Sigmar Gabriel (SPD), ehemaliger Bundesaußenminister, erkennt in dem Rohstoffdeal gleichwohl den Vorteil, dass eine „stille Präsenz“ von Amerikanern in der Ukraine Russland vielleicht davon abhalte, dass Land weiter anzugreifen. Ansonsten folgte Gabriel klar einer These der ARD-Korrespondentin Barth und des Experten Gady, wonach die Hauptfrage im Ukraine-Konflikt gar nicht sein wird, welche Gebiete das Land jetzt temporär oder unbefristet abgeben müsse. Die Hauptfrage sei, welche Garantien für eine Sicherheit es nach einer Verhandlungslösung geben wird und wer sie absichern wird. Denn ein Krieg komme selten allein, es gebe immer einen Nachfolgekrieg. „Es geht nicht um die Frage ‚Land gegen Frieden’, es geht um ‚Sicherheit gegen Frieden’“, so Gabriel. Es sei klar, dass Putin nicht nur einen Krieg gegen die Ukraine sondern „gegen den Westen“ führe und das sein Ziel zumindest eine instabile Ukraine sein.

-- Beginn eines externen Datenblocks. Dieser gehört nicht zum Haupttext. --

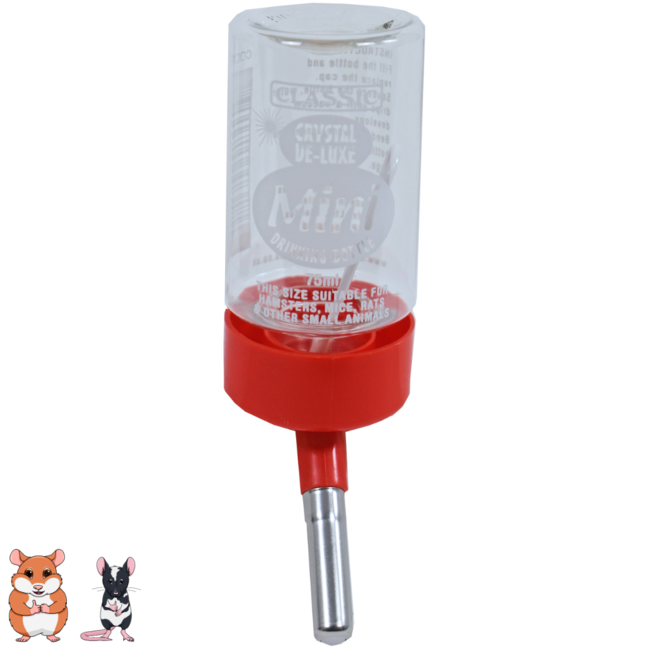 Classic waterfles voor knaagdieren - Plastic - 75 ml - Klein formaat voor hamsters en muizen - Makkelijk te vullen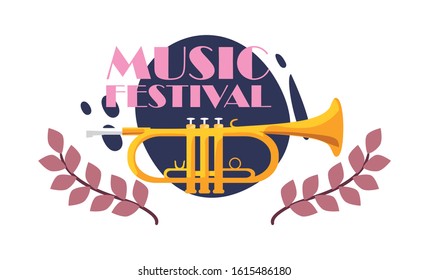 Tumpet instrument design, Music festival sound melody song musical art and composition theme Vector illustration
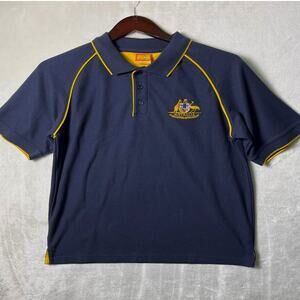 VTG 90's Classic Australia Pique Polo Shirt Men's L RooRock Aussie Rugby Crest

Wer soll einen möglichen Frieden sichern?
In der Lage brauche es eine friedenssichernde Kraft in der Ukraine, aber es sei völlig offen wie die aussehen solle, wenn die USA dabei nicht mit ihren Streitkräften mitmachen wollten. Dass es eine EU-Mission werde, sei kaum vorstellbar, da viele in der EU nicht mitmachen wollten oder den Plan ablehnten. Solle es eine Nato-Mission sein, oder eine Koalition der Willigen mit Frankreich, Großbritannien und vielleicht auch Deutschland? „Wir brauchen doch eine Dekade, um da eine Armee aufzubauen“, meinte Gabriel. Früheren Schätzungen von Frankreich, es brauche 200.000 Friedenssoldaten, um die Ukraine zu sichern, widersprach übrigens Franz-Stefan Gady. Man benötige drei bis fünf Brigaden mit insgesamt 36.000 bis 50.000 Soldaten, und das könne Europa „schon leisten“. Auf diese Rechenpläne ging Sigmar Gabriel nicht ein, sprach sich aber klar für die Wiedereinführung der Wehrpflicht aus. Es gehe ihm gar nicht um die Frage, wie viele da kämen und wie es um die Wehrgerechtigkeit stehe. Allein die Debatte über die Wehrpflicht wäre „ein guter Punk“, um in der Bevölkerung eine „Ernsthaftigkeit“ über das Thema der sicherheitspolitischen Herausforderungen zu erzeugen.
Ganz zum Schluss ist Gabriel dann - quer zum Hauptthema - von Caren Miosga noch nach der SPD-Co-Vorsitzenden Saskia Esken und ihren Ambitionen gefragt worden. Und seine Antwort war einigermaßen niederschmetternd: „Dass Frau Esken in den letzten Monaten und Jahren jetzt nicht dazu beigetragen hat, dass die Zustimmung zur SPD exponentiell angestiegen ist, das ist kein Geheimnis. Und Frau Esken hat nach meinem Eindruck jedenfalls die SPD nicht dermaßen aus der Krise geführt, dass sie von sich aus sagen könnte: ich habe jetzt einen Schritt nach vorne zu kommen.“ Gabriel muss es wohl wissen, er war selbst mal siebeneinhalb Jahre SPD-Vorsitzender und trat von dem Amt zurück, auch, um Platz für den damaligen SPD-Spitzenkandidaten Martin Schulz zu machen.